I'm looking for the best possible inequality of the form $$\int_0^1 (1-x^2)\left(g(x)\right)^2 \, {\rm d}x \leq c \int_0^1 (g(x))^2 \, {\rm d}x$$ for some constant $c$. Cleary $c=1$ works, but I want better. By the intermediate value theorem we have $$\int_0^1 (1-x^2) (g(x))^2 \, {\rm d}x = (g(\xi))^2 \int_0^1 (1-x^2) \, {\rm d}x = (g(\xi))^2 \cdot \frac{2}{3}$$ for some $\xi \in (0,1)$, so maybe $c=2/3$ would be even possible.

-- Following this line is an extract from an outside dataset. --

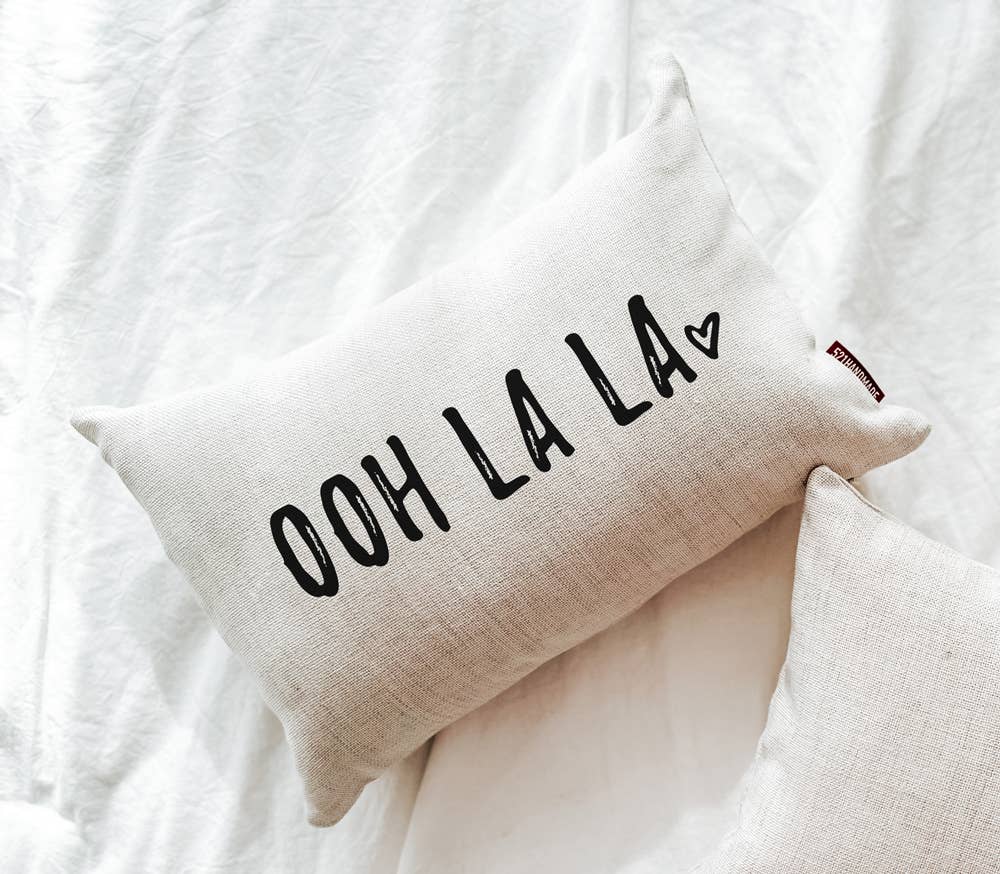 521handmade - Valentines Pillow, Ooh La La, Heart Pillow, Farmhouse Pillow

I also tried using Lagrange-multipliers by going over to the normalized function $\int_0^1 (g(x))^2 = 1$. The Method of Lagrange would then give $$\int_0^1 (1-x^2) 2g(x)\delta g(x) \, {\rm d}x = \lambda \int_0^1 2g(x)\delta g(x) \, {\rm d}x$$ or $$\int_0^1 2g(x) \delta g(x) \left[1-x^2 - \lambda\right] {\rm d}x = 0$$ for arbitrary variations $\delta g(x)$, but this obviously doesn't work somehow... I don't know why.
Any ideas?
If you consider $g(x)=(1-x)^n$ you have
$$ \int_{0}^{1}(1-x^2)g(x)^2\,dx = \frac{n+2}{2n^2+5n+3}, \qquad \int_{0}^{1}g(x)^2\,dx = \frac{1}{2n+1} $$ hence you cannot replace $c$ with something less than one.
The idea was just to consider functions pretty much concentrated in a right neighbourhood of the origin.